With so many potential suitors, Whiteside is guaranteed to sign a life-changing contract this summer. Last season, the Heat only paid their premier low-post presence $990,000 in the final year of a two-year deal, and if he chooses to stay in South Beach, Whiteside could make as much as $22 million in a max contract worth $94.8 million over four years — not bad for a guy who was bounced out of the D-League less than three years ago.

But while Whiteside’s life is about to become much more comfortable, the future of any team he chooses to sign with other than Miami will also instantly become much brighter. And as Whiteside told the media, he’s enjoyed all of the added attention that comes with life as one of the league’s top free-agent targets.

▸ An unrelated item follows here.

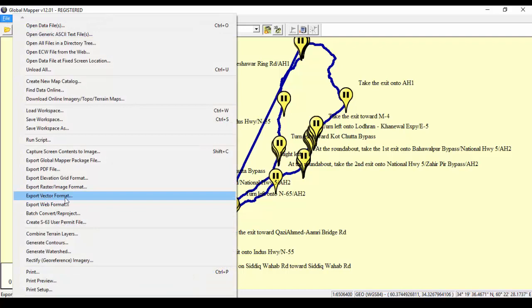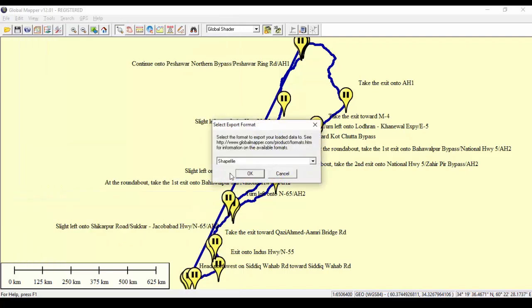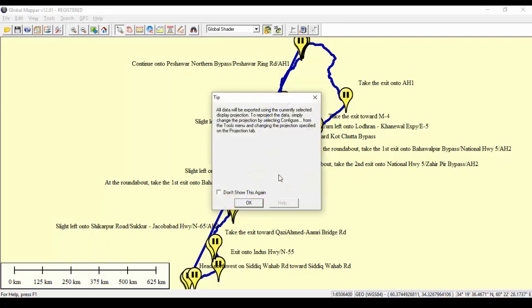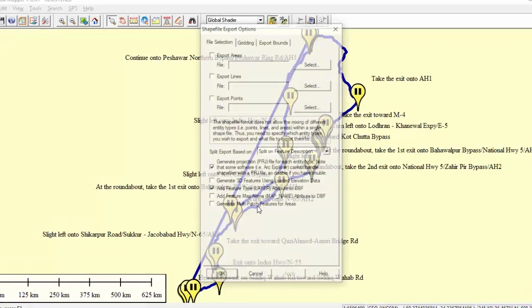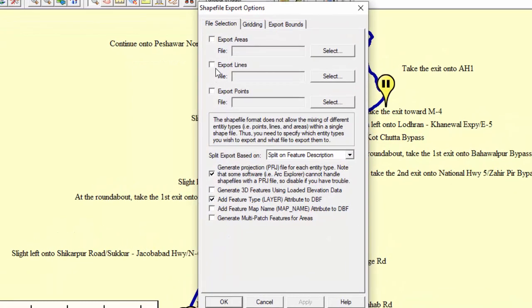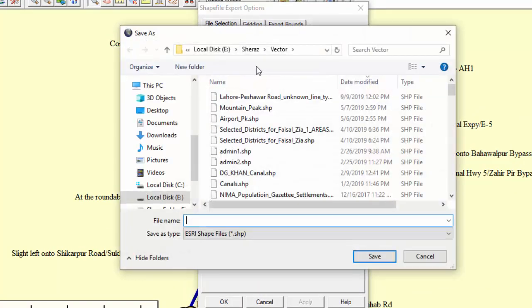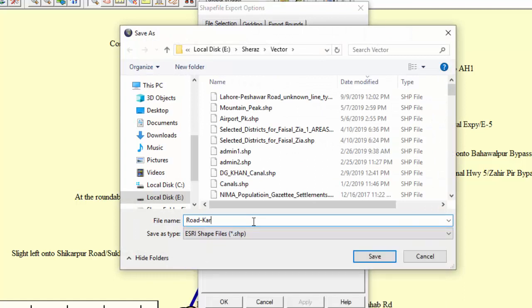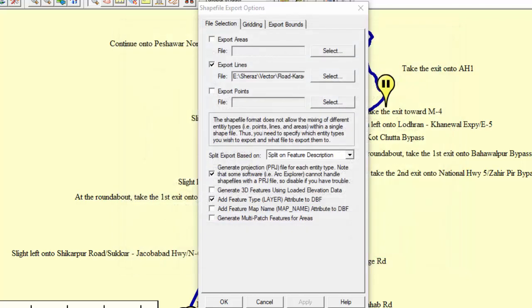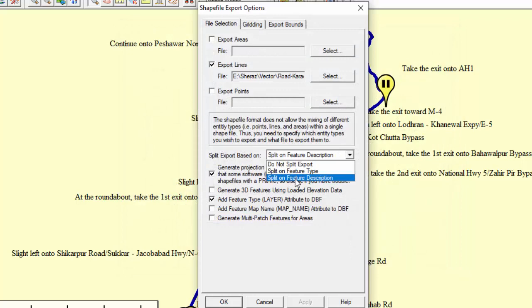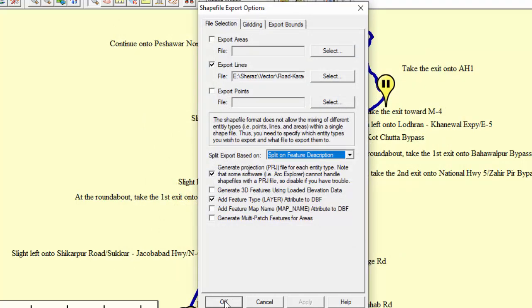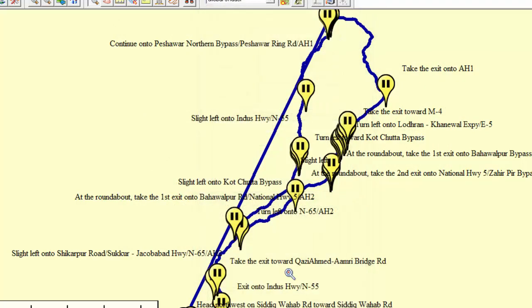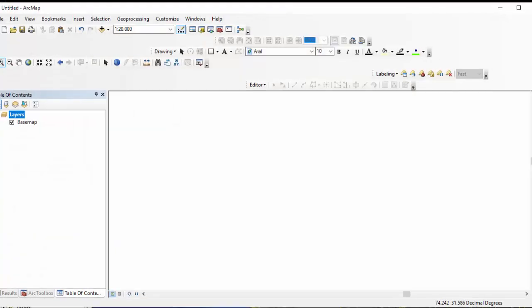Now select convert into vector option. Select Shapefile. As our data consists of line format, select line option. Give a suitable name to the file. Select the option split on feature description to recognize each feature separately. Save the Shapefile.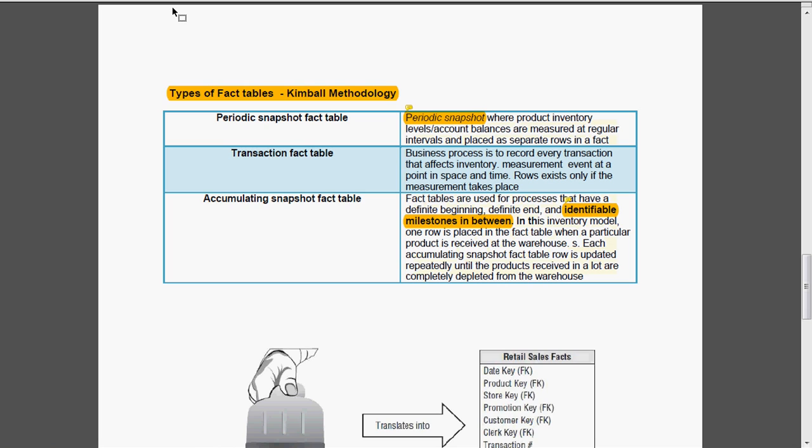What is transaction fact table? Business process is recorded in transaction fact table as and when the transaction happens. That means whenever we deposit any money in the ATM or when we withdraw the money from the ATM counter, the transaction fact table will be recorded. The data will be entered. Otherwise, there won't be any data in the transaction fact table.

“I find it flattering, because in my past, I was trying to call those teams, and now it’s the other way around,” said Whiteside. “It’s a flattering experience, and I’m thankful for this opportunity.”

Due to the blood clots that have thrown Chris Bosh’s NBA future into uncertainty, and the potential departures of Wade and several other key pieces of Miami’s playoff puzzle, re-signing Whiteside is far more important than it normally would be for Riley and the Heat.

Obviously, Whiteside still has some work to do, both in the locker room as a teammate and on his offensive game, in order to fulfill the highest expectations he’s ever faced. But despite Miami’s slight financial advantage over any other team looking to land the dominant center, don’t be surprised if Whiteside is doing that work in another NBA city.